* [Work item] Would you output the lines from the one containing "PHOENIX, ARIZONA - DECEMBER" through the final line of the entries, exactly and with pictures omitted?

BEGIN Provided data

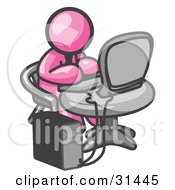 Clipart Illustration Of A Pink Man Working On A Desktop Computer On A Table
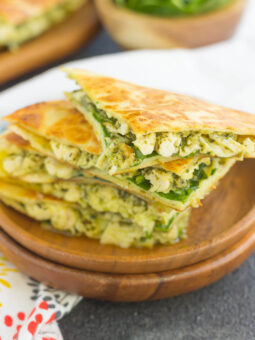 These Chicken and Spinach Pesto Quesadillas are simple to make and ready in less than 20 minutes. Filled with shredded chicken, pesto, baby spinach, and mozzarella cheese, this easy dish is packed with flavor and perfect for busy weeknights!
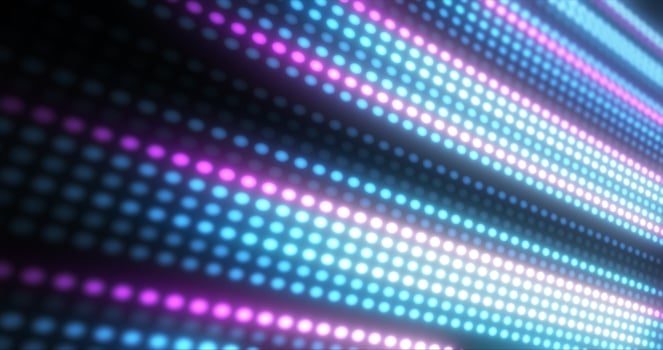 Abstract bright blue background pattern of flying circles of dots and glowing futuristic digital energy magical bright particles photo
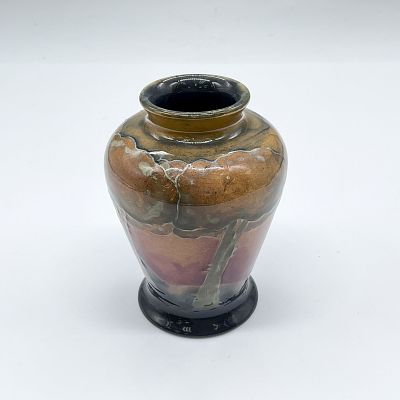 Early Moorcroft Pottery Vase, Eventide. A vase featuring Moorcroft's popular landscape pattern 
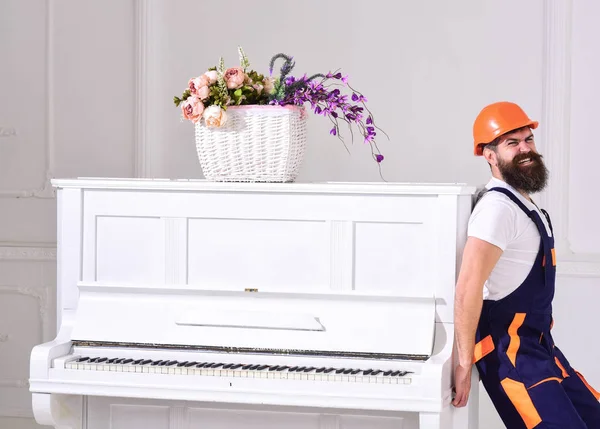 El mensajero entrega muebles, se muda, se traslada. Hombre con barba trabajador en casco y overoles empuja, poner esfuerzos para mover el piano, fondo blanco. Concepto de cargas pesadas. Cargador se mueve instrumento de piano — Foto de Stock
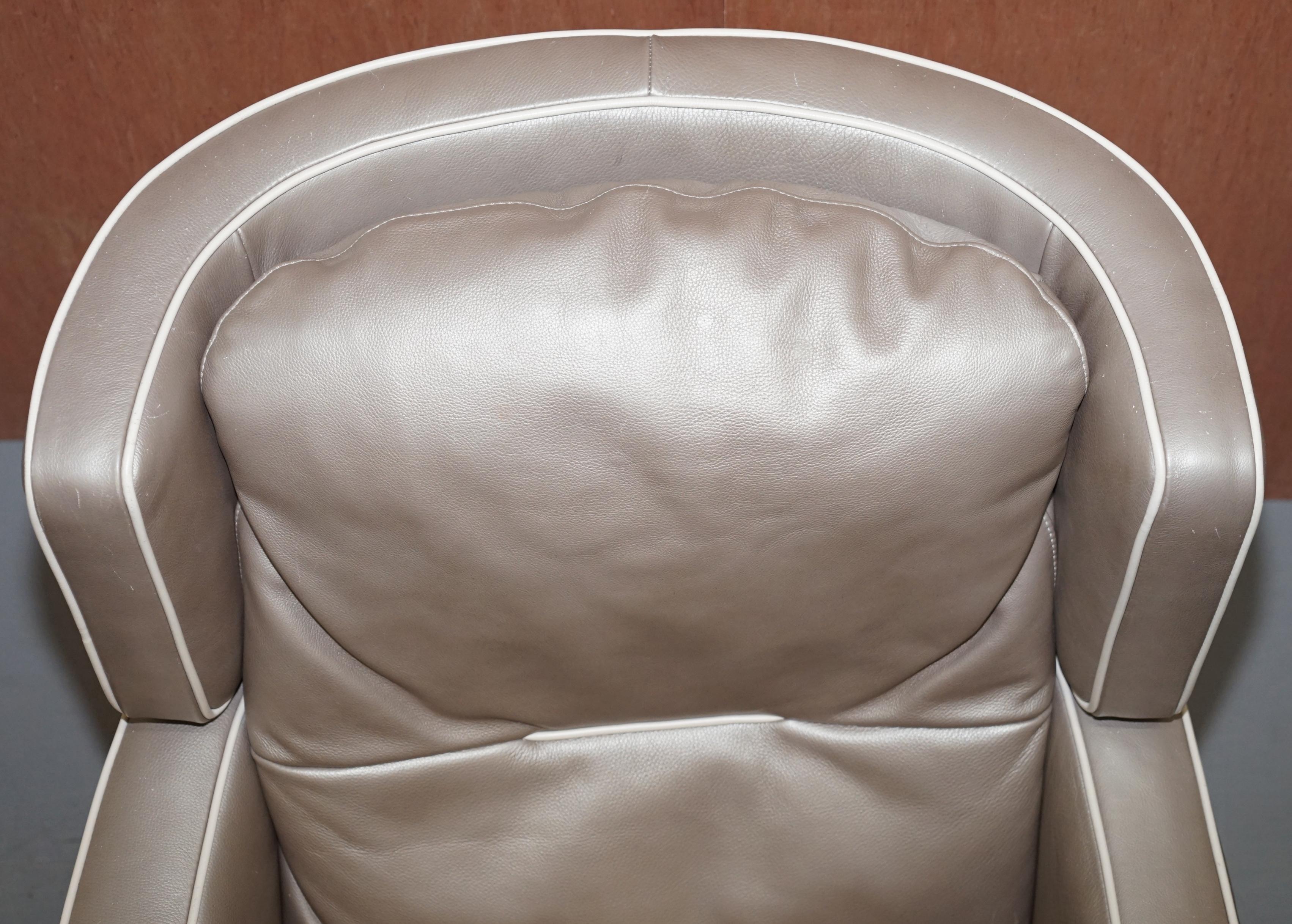 Pelle Natuzzi Italia Amadeus Platinum Grey Poltrona e poggiapiedi in pelle Made in Italy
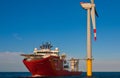 Service operational vessel standing by wind turbine Royalty Free Stock Photo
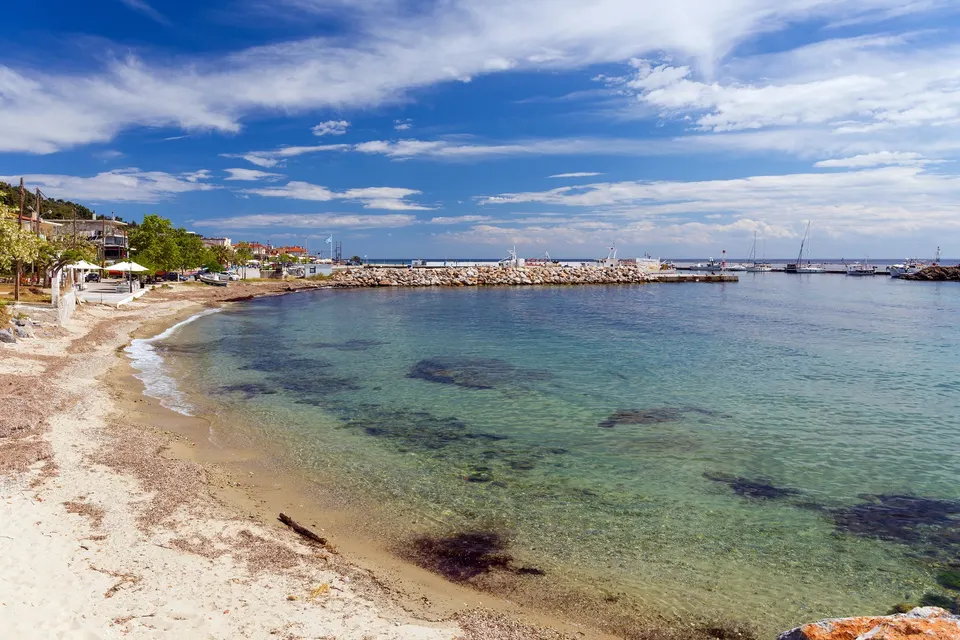 Sandstranden i Nea Skioni med klart vand og havnemolen bagved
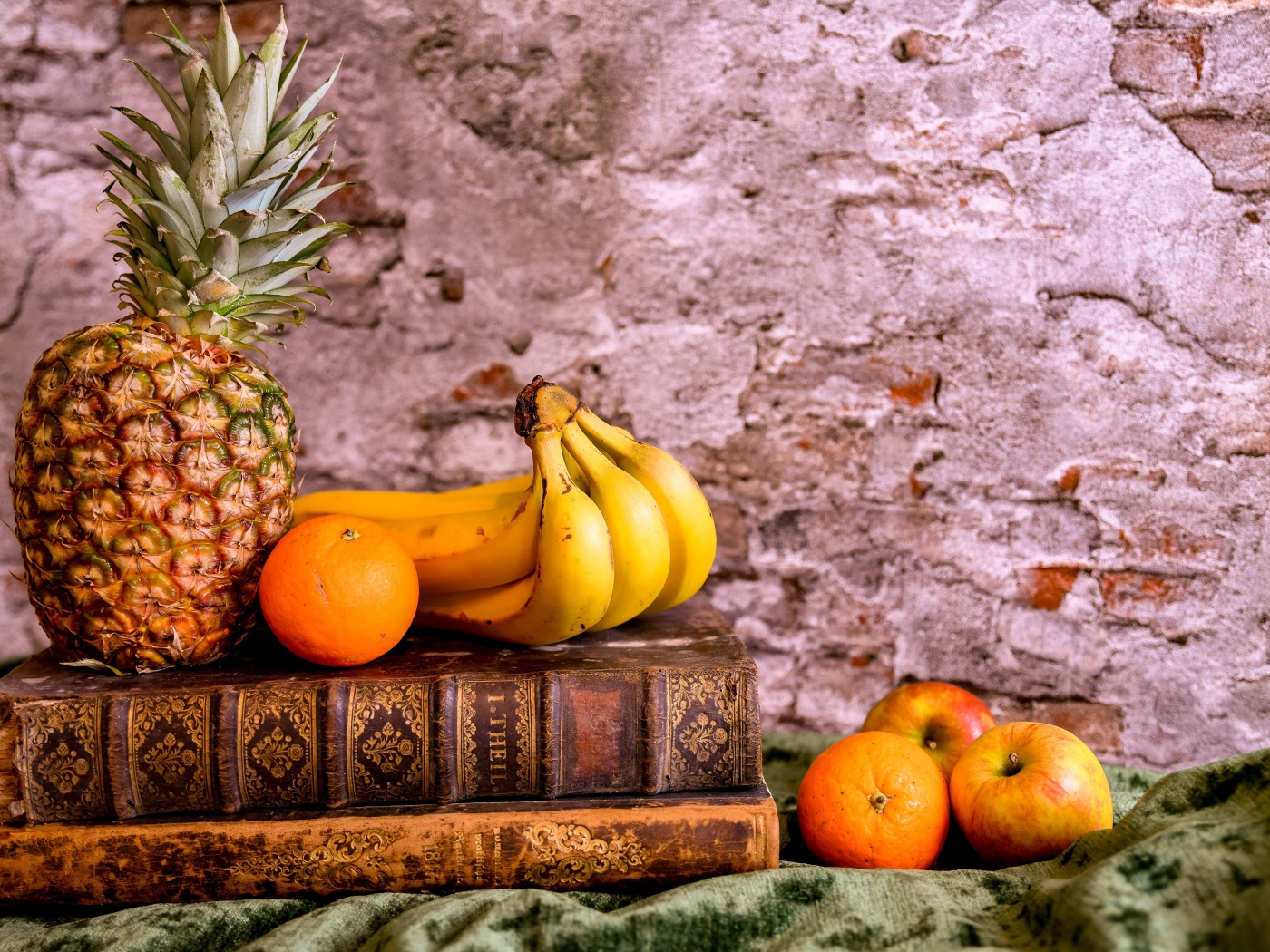 Ананас, бананы, апельсин и яблоки лежат на столе с книгами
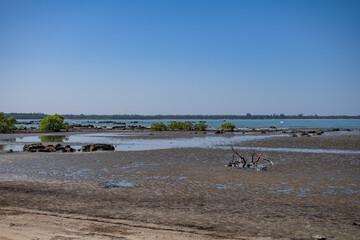 Coastline of a sand beach during low tide at Ngwesaung, Irrawaddy, Myanmar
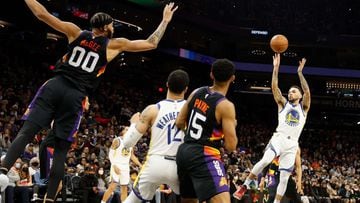 PHOENIX, ARIZONA - DECEMBER 25: Chris Chiozza #2 of the Golden State Warriors attempts a shot against the Phoenix Suns during the first half of NBA game at Footprint Center on December 25, 2021 in Phoenix, Arizona. NOTE TO USER: User expressly acknowledge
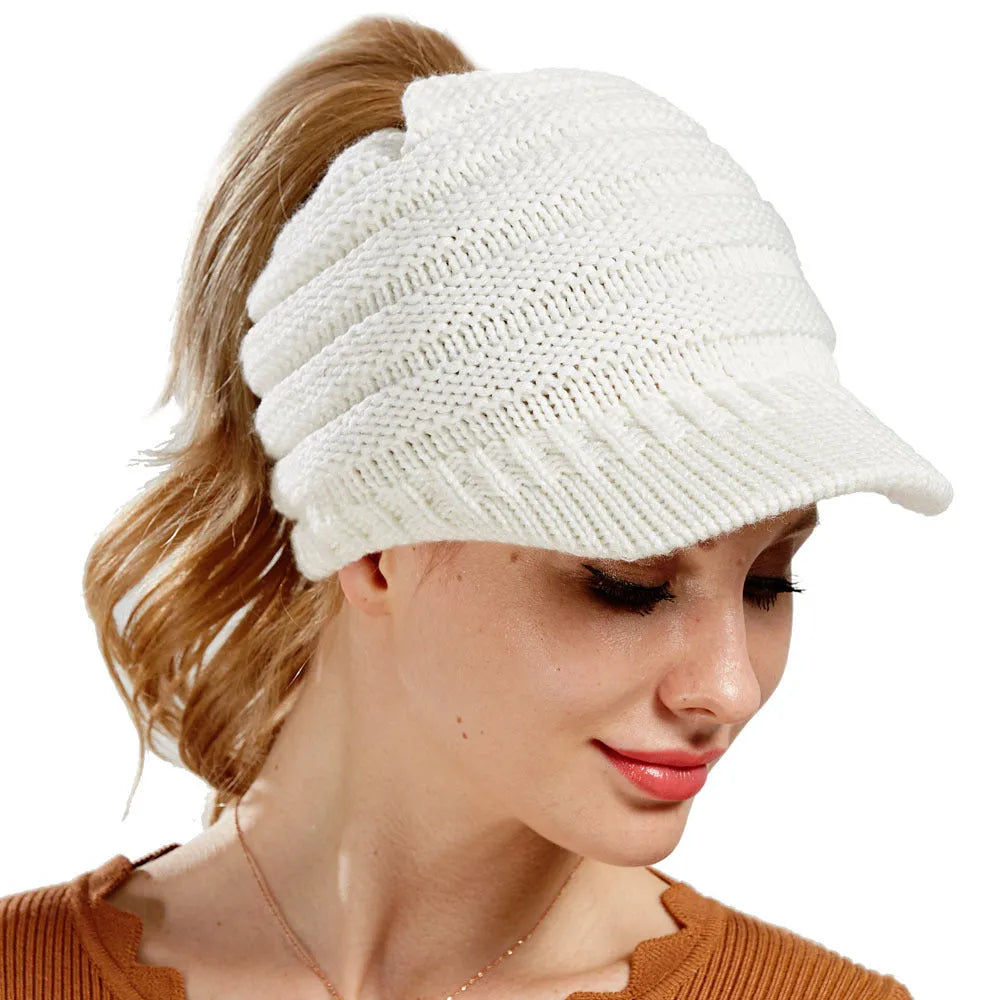 Women's knitted acrylic beanie hat designed for wearing with a ponytail or bun.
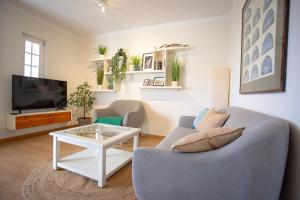 Uma TV ou centro de entretenimento em Villa Lena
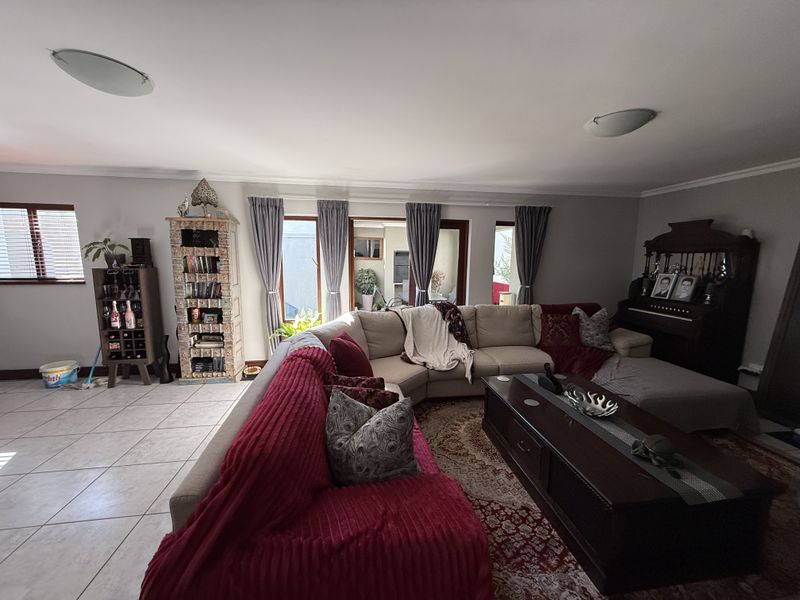 Spacious living room featuring tiled flooring, coved cornicing, and large sliding glass doors providing access to the outdoor area.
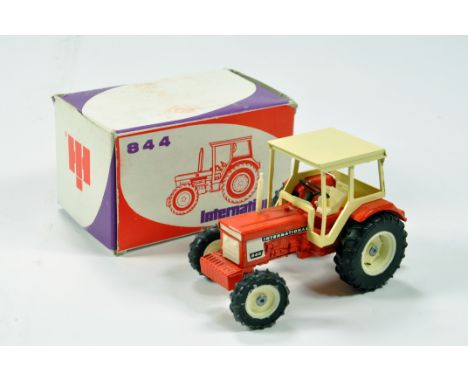 Diano 1/43 Farm Diecast Model comprising International 844 Tractor. E to NM in Box. Rare.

END Provided data

* [Answer to this problem]
 PHOENIX, ARIZONA - DECEMBER 25: Chris Chiozza #2 of the Golden State Warriors attempts a shot against the Phoenix Suns during the first half of NBA game at Footprint Center on December 25, 2021 in Phoenix, Arizona. NOTE TO USER: User expressly acknowledge
 Women's knitted acrylic beanie hat designed for wearing with a ponytail or bun.
 Uma TV ou centro de entretenimento em Villa Lena
 Spacious living room featuring tiled flooring, coved cornicing, and large sliding glass doors providing access to the outdoor area.
 Diano 1/43 Farm Diecast Model comprising International 844 Tractor. E to NM in Box. Rare.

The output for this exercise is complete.